Anche prima che crollasse il ponte,
Genova era divisa e il collasso di quella struttura
altro non ha fatto che rendere evidente dal punto di
vista fisico una separazione
molto piu' profonda e che esiste da sempre.
In realta' le Genova sono
almeno tre.
Anzitutto c'e' quella
dell'Acquario e del Porto Antico, che e' la piu'
conosciuta dai turisti ma che con la Genova vera c'entra
poco o niente.
Attraversata la strada c'e'
il centro storico, ricco di bellezze tanto antiche
quanto appena conosciute: il Duomo di San Lorenzo,
Piazza De Ferrari, la Chiesa di san Matteo, i palazzi
dei Rolli, ma pochi di quelli che fanno il giro sul Bigo
o lo shopping da EatItaly vi si avventurano. Quasi
nessuno poi sa che a meno di un chilometro in linea
d'aria esiste un gioiello di architettura medievale come
la Chiesa di Santa Maria di Castello, unico al mondo.
Peggio per loro ma, obbiettivamente, la chiesa non e'
per nulla pubblicizzata e, salvo pochi specialisti di
storia dell'arte, nessuno la conosce.
Questa comunque, con
l'immancabile veduta di Boccadasse, e' la Genova che,
non spesso ma quando proprio non possono farne a meno,
appare in TV e che la maggior parte della gente conosce.
Essere convinti di avere
visto Genova perche' si e' stati all'Acquario e al Porto
Antico e' come pensare di conoscere l'America perche' si
e' stati una settimana in vacanza a New York.
La seconda e piu' vera
Genova incomincia sull'altura di Castelletto: qui
nell'800 e nel secolo scorso armatori e imprenditori
portuali hanno costruito le loro case, vicine agli
scagni ma abbastanza lontane da non sentire gli odori
del porto.
Dalla spianata di quel
quartiere si gode forse la piu' bella vista di Genova,
quella che probabilmente ammiravano Nietzsche e Mark
Twain e che li porto' a definire Genova una delle piu'
belle citta' del mondo: in effetti lo e' ma non per
tutti quelli che ci abitano.
Come una specie di S,
Genova si snoda da Castelletto verso Carignano, altro
quartiere panoramico che si affaccia sia sul mare che
sul centro della citta':
Da li', nel 1970, i
genovesi hanno assistito, inorriditi e impotenti, alla
tragedia della London Valour, una nave inglese ma con
equipaggio indiano, che una libecciata eccezionale aveva
mandato a incagliarsi sulla diga foranea: chi c'era
ricorda i corpi dei marinai finiti in mare e sbattuti
contro gli scogli come burattini, la motovedetta della
Guardia Costiera, le pilotine che erano uscite
nonostante le onde spaventose a cercare di salvare i
naufraghi e l'elicottero del comandante Enrico che
provava a raccoglierne qualcuno in una specie di rete
appesa sotto al velivolo.
Poco piu' a destra,
guardando il mare, c'era la Torre Piloti del Porto,
abbattuta dalla manovra sbagliata di una nave pochi anni
fa, causando la morte di nove persone.
La S curva poi alla Foce,
dove una volta l'anno, si tiene il Salone Nautico e
migliaia di persone vanno a vedere barche da favola che
non potranno mai comprare: e' l'occasione per Genova di
ricomparire su giornali e teleschermi, e da qui
incomincia la Genova "bella", che da Corso Italia,
passando per Albaro, Quarto, Quinto arriva fino a Nervi:
le case si affacciano sul mare o, all'interno, su vie
quiete e ombrose di verde e giardini.

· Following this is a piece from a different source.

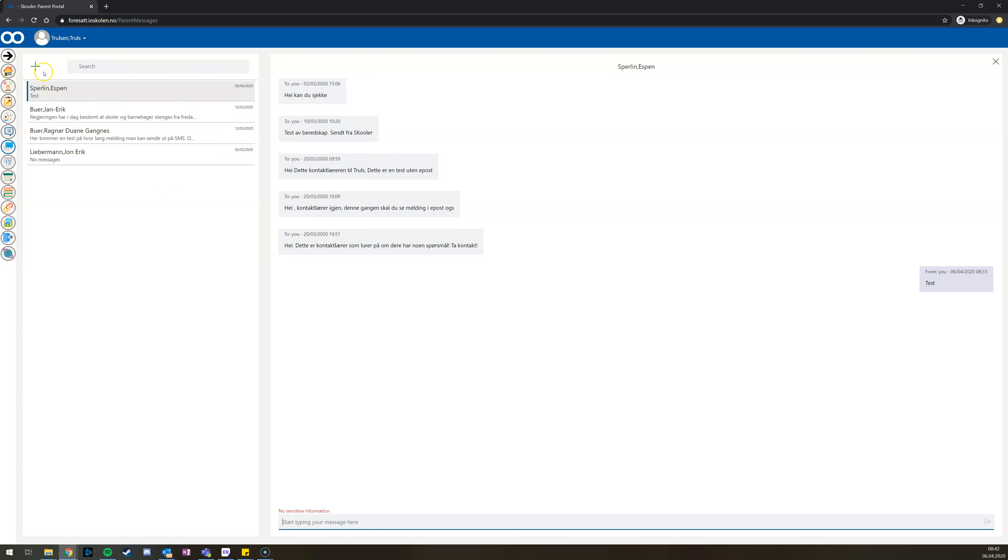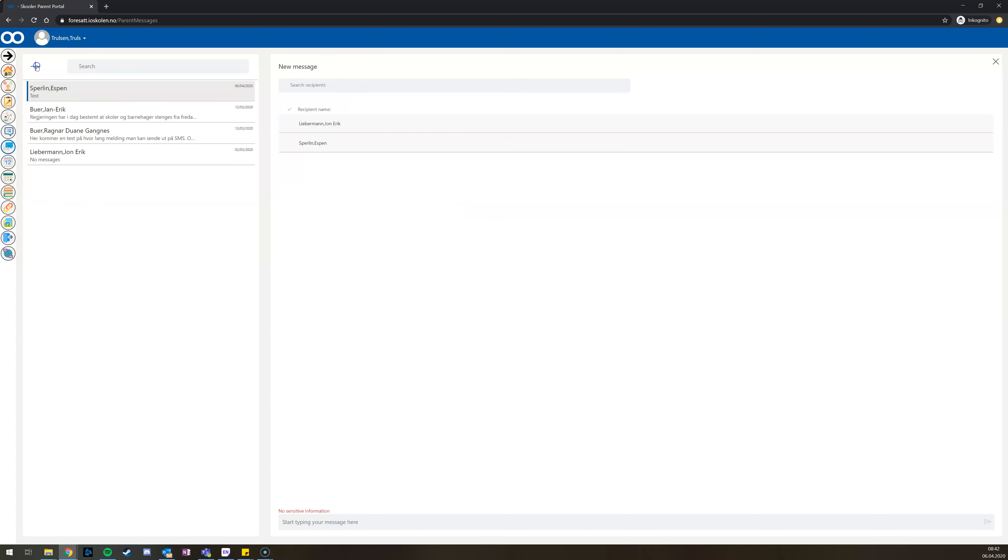If you want to create a new chat with a different teacher, you can pick the add button, and then you get a list of all the different teachers. You can pick several or just one teacher.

Di antiche ville
si indovinano le bellezze al di la' dei muri che le
circondano.
Oltre che bella questa
Genova e' anche fortunata perche' qui le disgrazie, come
per una sorta di tacito patto con Padreterno, non
capitano mai e forse questo e' il motivo per cui, se
possono permetterselo, i genovesi vanno a abitare da
quelle parti.
Esiste infine la terza e
ultima Genova, ultima in tutti i sensi. Comprende la Val
Bisagno e la Val Polcevera e tutto il ponente, dalla
Lanterna fino a Voltri e qui, evidentemente, gli
abitanti il patto con Padreterno non l'hanno fatto,
perche' se c'e' una disgrazia capita da quelle parti,
nonostante ci siano in zona due santuari, quello della
Guardia e quello del Monte Gazzo, che dovrebbero
garantire un minimo di protezione preventiva: in realta'
sono ricchi di ex voto per scampato pericolo e forse ci
andra' l'autista di quel camion che si e' fermato a
pochi metri dal ponte crollato.
Ma il ponte crollato e'
solo l'ultima delle disgrazie che hanno colpito questa
Genova, a cominciare dagli anni 50.
Incominciamo da
Cornigliano che era quello che si definisce un "ridente"
borgo diviso dall'Aurelia tra la marina ("a maenna"),
dove si andava a fare i bagni e la collinetta di
Coronata dove si produceva un bianco squisito con
retrogusto di zolfo, oggi introvabile. Nel mezzo alcune
ville con parco utilizzate da famiglie nobili genovesi
per passarci l'estate.
A dominare la punta di
Cornigliano un vero e proprio castello che dal nome del
proprietario, un Berlusconi dell'epoca, si chiamava
Castello Raggio e pare che alla festa inaugurale, nel
1900, fosse intervenuto pure il re Umberto, pochi giorni
prima di essere ucciso a Monza in un attentato.
Dopo l'ultima guerra
l'ecologia non era stata ancora inventata ed e' in
questo quartiere che si e' pensato bene di costruire
un'acciaieria proprio a ridosso del mare e delle case:
Castello Raggio e' stato fatto saltare a colpi di
dinamite e lo stabilimento ha incominciato a produrre.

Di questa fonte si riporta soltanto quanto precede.